Second-Term Curse Hits Obama

After the re-election, everything seems to be going wrong in the White House. U.S. President Barack Obama grapples with scandals. Is the fate of George W. Bush blossoming for him?

Politically, Barack Obama will be very under the weather when he arrives in Berlin on June 18. His government has to battle political scandals, each of which by itself would be a problem for him. Taken together, however, they become a threatening liability.

It is a matter of six similar topics. First, the U.S. Internal Revenue Service thwarted the applications of conservative election groups for nonprofit status and further used the applications as reason to track these groups. Second, the Department of Justice had Associated Press telephones put under surveillance. Third, suspicion is growing that the White House and the Department of State tried to cover up insufficient security measures for the U.S. Consulate in Benghazi attacked by al-Qaida.

Those are the current cases. Added to them are the failed operation against Mexican drug cartels, conjecture about failing security authorities before the attack in Boston and a growing uproar in left-liberal and right-conservative circles about the government’s announcement of plans to make drone deployment a legal possibility in case of emergency.

The second-term curse — the rule that after re-election to the White House, everything that can go wrong will go wrong — appears to be hitting Obama.

Explosive Revelations

At the moment, the most dangerous for the president at the moment are the scandals concerning the conservative election groups and the AP. Revenue offices that, in an election year, investigate applicants from the opposition’s circles using every trick in the book, demanding access to internal minutes of meetings or wanting to know who the political and personal friends of the applicants are — that would be a first-rate political issue in Germany as well.

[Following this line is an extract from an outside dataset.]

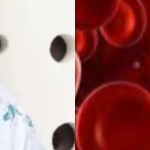 Anemia Aplastic-1712638132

This data then also found its way into Barack Obama’s campaign headquarters and into Obama-friendly media. In a country whose aversion to powerful federal institutions in general and especially to federal taxes is legendary, such revelations are explosive.

That is no less valid for the surveillance of the AP. The Democrats used media scandals concerning military breaches of security to bring the government of George W. Bush into serious difficulties. Now, their own attorney general appears to have disregarded the constitution on just such an occasion. Well-known Democrats have protested against this together with Republicans.

Is Obama Following Bush’s Example?

That is risky for Obama. The congressional election next November will decide whether he will still be able to realize any of his ambitious plans by the end of his term. At present, it looks as if this election could end as devastatingly for the president as the 2006 congressional election did for Bush.

His second term of office became a disaster because the Republican Party distanced itself from the president under the impression of a change of mood. Obama could be on the way to meeting with a similar destiny.

That cannot leave Germany cold. The situations in Syria and Israel continue to escalate; there is evidence that Obama’s domestic weakening will impact the possibility for the West to exert influence there. The same is valid for negotiations about free world trade.

In a time when all domestic politics are always also world politics, such scandals are a tragic event. And no matter what comes out of the investigations, one thing is certain: Barack Obama’s domestic scandals are needless. None of them is the result of unavoidable political developments; they are merely the fruit of human failure and political incompetence.